Intermine-Python: Tutorial 11: Combining Lists

This tutorial will talk about how you can combine two lists easily in Intermine.

This tutorial will require you to login into your Intermine Account so that the lists that you will combine can be saved.

In [1]:
from intermine.webservice import Service

Enter your username and password, uncomment the given line, execute it and then proceed with the rest of the tutorial.

In [2]:
service = Service("https://www.flymine.org/flymine/service",username="[email protected]",password="demo")

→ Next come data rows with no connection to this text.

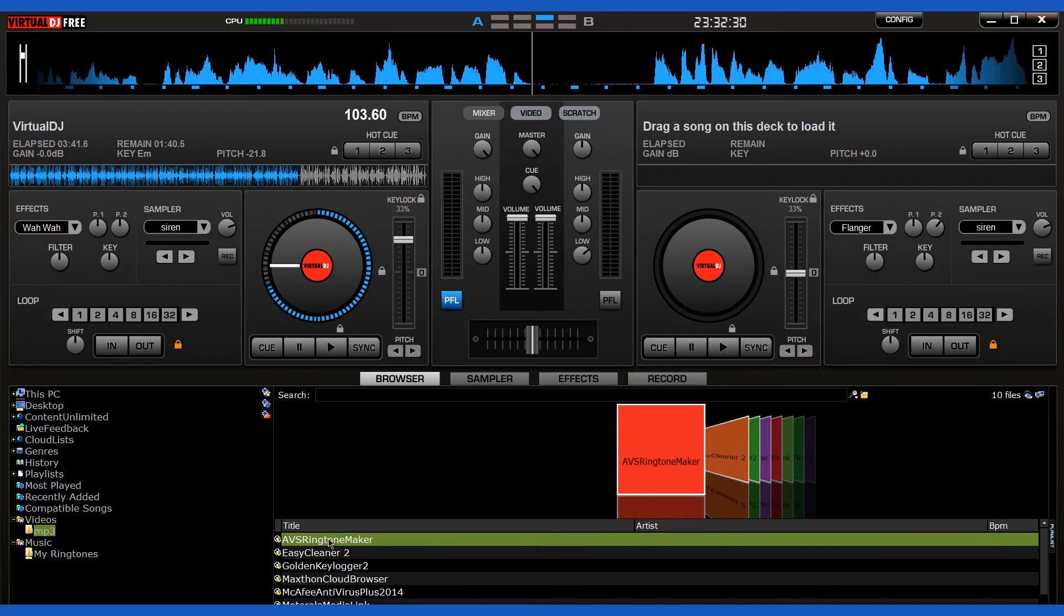You can tweak your songs in numerous ways, add effects, mix songs, and much, much more.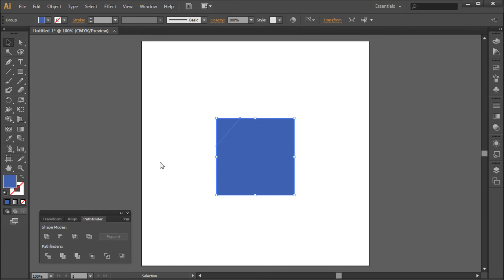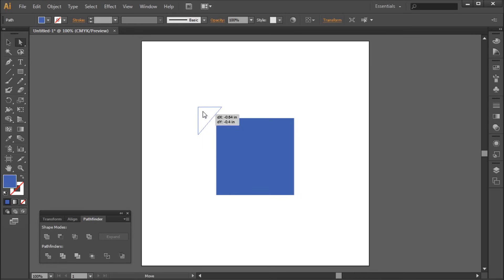Once you click this you will see a split in your shape occur. So grab your direct selection tool and now you can take and move the pieces apart.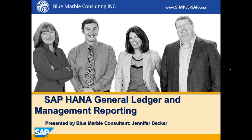Hi, this is Jennifer Decker with Blue Marble Consulting, and today I'm going to show you SAP HANA General Ledger and Management Reporting.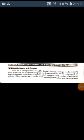Sources of water pollution. There are many sources of water pollution. The most common and important among them are as follows.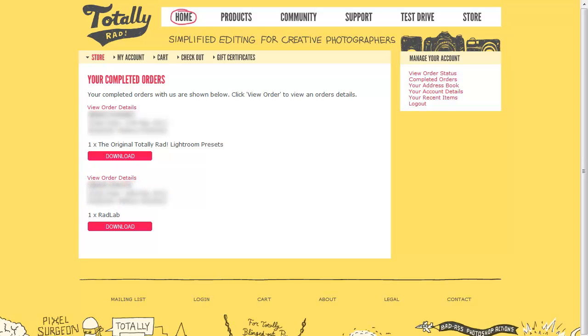Hi, I'm Melissa Shannon from DigitalScrapbookingHQ.com and I'm here to show you how to use the Totally Rad Rad Lab.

We begin by declaring a list manager object which will help us in combining various lists together.

In [3]:
lm=service.list_manager()

Let's say that you want to combine all the most enriched genes in the adult Fly brain and in the adult Fly hindgut. These are present as two separate lists currently on Flymine. We begin by extracting both the lists first.

In [4]:
l1=lm.get_list(name="PL FlyAtlas_brain_top")
In [5]:
l2=lm.get_list(name="PL FlyAtlas_hindgut_top")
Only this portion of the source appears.